Des séquences qui, sans le prouver, montrent la construction d’un soutien aussi indirect que fragile du RN au gouvernement Barnier. De quoi donner au gouvernement français des airs suédois.

Vices et vis de l’extrême droite

Comme il nous reste des vis lors d’un montage d’un meuble en kit, après avoir lu, suivi et appliqué scrupuleusement ce que le manuel nous indiquait, il nous restera à ces gouvernements les mesures de l’extrême droite, sans même que celle-ci n’ait accédé (directement) aux responsabilités. Cela par la faute des gouvernements d’avoir lu, suivi et appliqué scrupuleusement ce que les programmes de l’extrême droite indiquaient.

En Suède, le détricotage massif des mesures environnementales et du système social, jusqu’alors prôné comme modèle dans le monde, a commencé. Des mesures d’extrême droite sont appliquées telles quelles par le gouvernement. Pour la politiste Lisa Pelling, ces mesures vont changer radicalement la société suédoise, au risque qu’un climat délétère ne s’y installe profondément. Pour la chercheuse, les mesures d’extrême droite pourraient créer une société refermée sur elle-même et en quête permanente de sécurité, et qui serait prête pour cela à renier ses valeurs d’ouverture, de liberté et de démocratie.

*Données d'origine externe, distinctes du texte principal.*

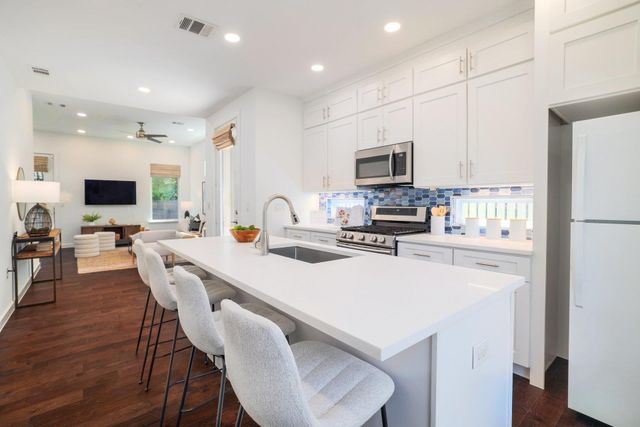 3911 Duval ST 2, Austin, TX 78751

La configuration gouvernementale suédoise, et maintenant française, a des effets directs sur la démocratie et l’Etat de droit, que cela soit par la confusion idéologique entre les partis - des partis “libéraux” appliquent volontiers des mesures d’extrême droite par peur que cette dernière ne parvienne au pouvoir - par la radicalisation des droites modérées, ou par la banalisation des idées d’extrême droite dans le débat public et le débat politique. Car bien que l’extrême droite soit tenue visiblement hors des murs de l’enceinte gouvernementale, elle est en réalité au centre des politiques et des décisions des gouvernements qui deviennent, bon gré mal gré, dépendants d’elle pour leur survie. Une dépendance qui ne signifie en rien une décrue quelconque de l’extrême droite, comme le prouve l’exemple suédois où l’extrême droite continue d’être le deuxième parti du pays avec 20% des intentions de vote.

Si la Suède sociale et libérale menace de tomber pour une Suède plus conservatrice et autoritaire, la France et son modèle social ne sont pas en reste. Les premiers signes de “l’ordre, l’ordre, l’ordre” sont bel et bien déjà là.